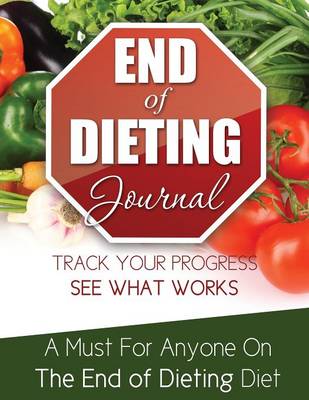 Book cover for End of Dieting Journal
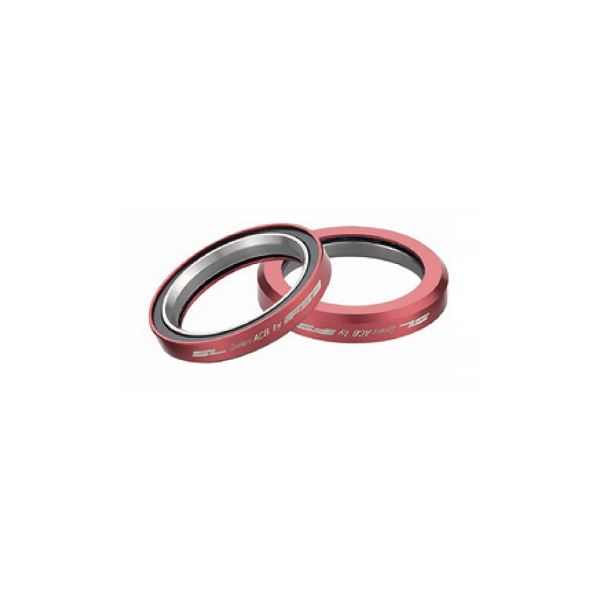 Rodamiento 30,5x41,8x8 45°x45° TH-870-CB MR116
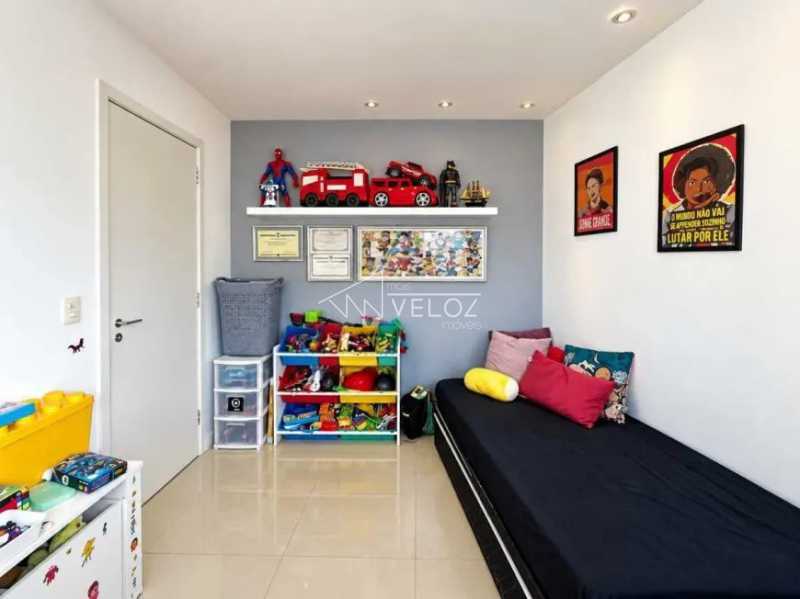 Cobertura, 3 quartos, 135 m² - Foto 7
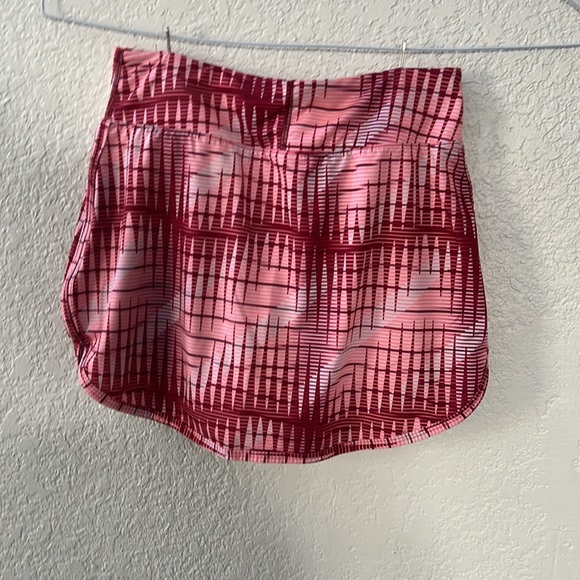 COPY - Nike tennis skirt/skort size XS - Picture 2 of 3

◆ TASK PROMPT:
Every line above should be duplicated exactly; the pictures are to be left out.

◆ FINISHED TASK:
 Book cover for End of Dieting Journal
 Rodamiento 30,5x41,8x8 45°x45° TH-870-CB MR116
 Cobertura, 3 quartos, 135 m² - Foto 7
 COPY - Nike tennis skirt/skort size XS - Picture 2 of 3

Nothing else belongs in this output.